Four faculty job openings in Global Water, Sanitation, and Hygiene cluster (NC State)
As part of the Chancellor’s Faculty Excellence Program, North Carolina (NC) State University seeks candidates for four tenured or tenure-track faculty positions to provide key leadership in the Global Water, Sanitation, and Hygiene (Global WaSH) Faculty Cluster.
Each position will be located in an appropriate Department (Sociology, Engineering, Environmental Sciences, etc) within the University commensurate with expertise, degree area, and training. The successful faculty candidate(s) will have expertise in one or more areas related to Global WaSH, such as: science and technology of water provision or human waste management; sociology/socioecology of WaSH; environmental and public health protection; and WaSH entrepreneurship, economics, or public policy.
We seek innovative and transformative academic leaders whose scholarship will advance NC State’s position as one of the premier universities of its kind. These hires will build on a nationally leading, campus-wide strength in multidisciplinary water and environmental research, education, and outreach that can be harnessed to develop scalable water and sanitation solutions in underserved areas around the world.

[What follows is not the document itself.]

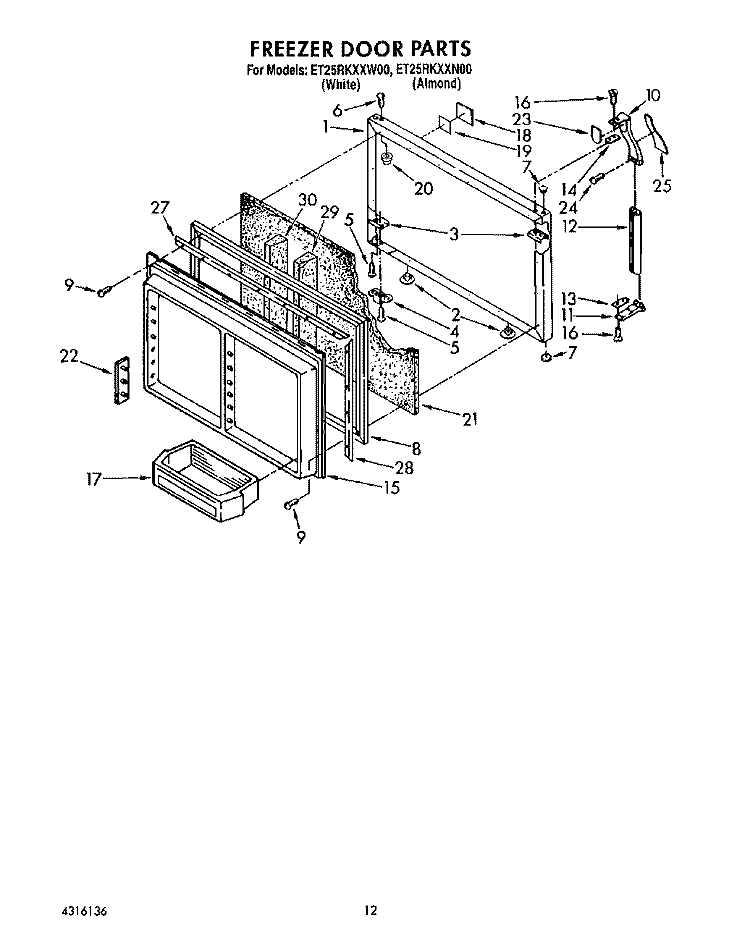 FREEZER DOOR Diagram and Parts List for ET25RKXXW00  Whirlpool Refrigerator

The aim of Global WaSH is to position NC State as a leading university in the US conducting critical research and teaching in vital and complex water and sanitation issues. The research and teaching will be inspired and anchored on community-based projects located in developing countries. The focus will be an exciting, innovative, and novel scholarship that reflects the realities and complexities of resource constraints, human aspirations, and culture in developing countries. The Global WaSH cluster will comprise a group of highly promising and leading faculty members who will address the scientific, social, and policy issues associated with providing sustainable water and sanitation in underserved communities in the developing world. Because of the interdisciplinary nature of the WaSH challenge, this cluster will include faculty with expertise in environmental science and technology, public health, social science and socioecology, entrepreneurship, development economics, and public policy, and related areas. We expect that these faculty hires will establish an active research and teaching collaboratorium across multiple departments and colleges focusing on WaSH issues in developing countries. Because the longstanding problems in water and sanitation have not been solved using existing approaches, we expect that new solutions, including new waste conversion technologies, data-driven business concepts, and social science innovations, will arise out of this interdisciplinary focus.